REQUIREMENT.
Among the entries below, count the lines with "Active" in them and state the total without comment.
** MATERIAL FOR THIS TASK follows **
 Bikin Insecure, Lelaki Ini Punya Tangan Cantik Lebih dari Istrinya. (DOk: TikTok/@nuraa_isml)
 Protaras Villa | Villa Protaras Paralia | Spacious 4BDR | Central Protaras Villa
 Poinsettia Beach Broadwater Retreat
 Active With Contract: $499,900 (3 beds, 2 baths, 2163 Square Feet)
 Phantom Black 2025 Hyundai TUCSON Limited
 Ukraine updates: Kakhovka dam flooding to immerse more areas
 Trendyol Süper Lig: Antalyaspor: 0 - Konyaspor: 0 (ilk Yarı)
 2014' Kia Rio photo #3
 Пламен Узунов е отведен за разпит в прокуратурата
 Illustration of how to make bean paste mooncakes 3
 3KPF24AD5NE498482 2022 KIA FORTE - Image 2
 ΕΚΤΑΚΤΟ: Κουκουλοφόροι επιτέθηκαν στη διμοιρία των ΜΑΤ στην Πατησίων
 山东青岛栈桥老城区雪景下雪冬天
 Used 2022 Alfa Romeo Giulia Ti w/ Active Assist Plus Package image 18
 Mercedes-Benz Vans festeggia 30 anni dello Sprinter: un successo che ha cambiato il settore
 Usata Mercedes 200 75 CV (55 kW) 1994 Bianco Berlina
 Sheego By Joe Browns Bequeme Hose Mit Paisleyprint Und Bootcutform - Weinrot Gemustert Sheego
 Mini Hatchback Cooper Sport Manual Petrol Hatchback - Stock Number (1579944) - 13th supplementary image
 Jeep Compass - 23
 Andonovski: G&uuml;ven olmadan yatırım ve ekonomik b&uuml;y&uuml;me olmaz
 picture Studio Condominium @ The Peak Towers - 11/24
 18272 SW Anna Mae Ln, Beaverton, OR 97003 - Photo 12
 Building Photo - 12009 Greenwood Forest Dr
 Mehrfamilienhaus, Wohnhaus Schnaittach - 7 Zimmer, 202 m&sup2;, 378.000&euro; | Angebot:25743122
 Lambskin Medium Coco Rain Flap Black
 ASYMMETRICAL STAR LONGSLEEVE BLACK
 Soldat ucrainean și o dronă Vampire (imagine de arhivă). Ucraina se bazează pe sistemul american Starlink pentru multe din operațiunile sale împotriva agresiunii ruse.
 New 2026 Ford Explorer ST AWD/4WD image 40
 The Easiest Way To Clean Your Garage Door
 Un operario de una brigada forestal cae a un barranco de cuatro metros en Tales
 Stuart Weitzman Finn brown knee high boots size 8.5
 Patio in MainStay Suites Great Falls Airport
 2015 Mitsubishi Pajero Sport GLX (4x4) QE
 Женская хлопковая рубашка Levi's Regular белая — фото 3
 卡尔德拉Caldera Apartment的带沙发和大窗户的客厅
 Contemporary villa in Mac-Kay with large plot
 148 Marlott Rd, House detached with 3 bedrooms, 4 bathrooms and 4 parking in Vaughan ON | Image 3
** End of MATERIAL FOR THIS TASK **
WRITTEN ANSWER.
2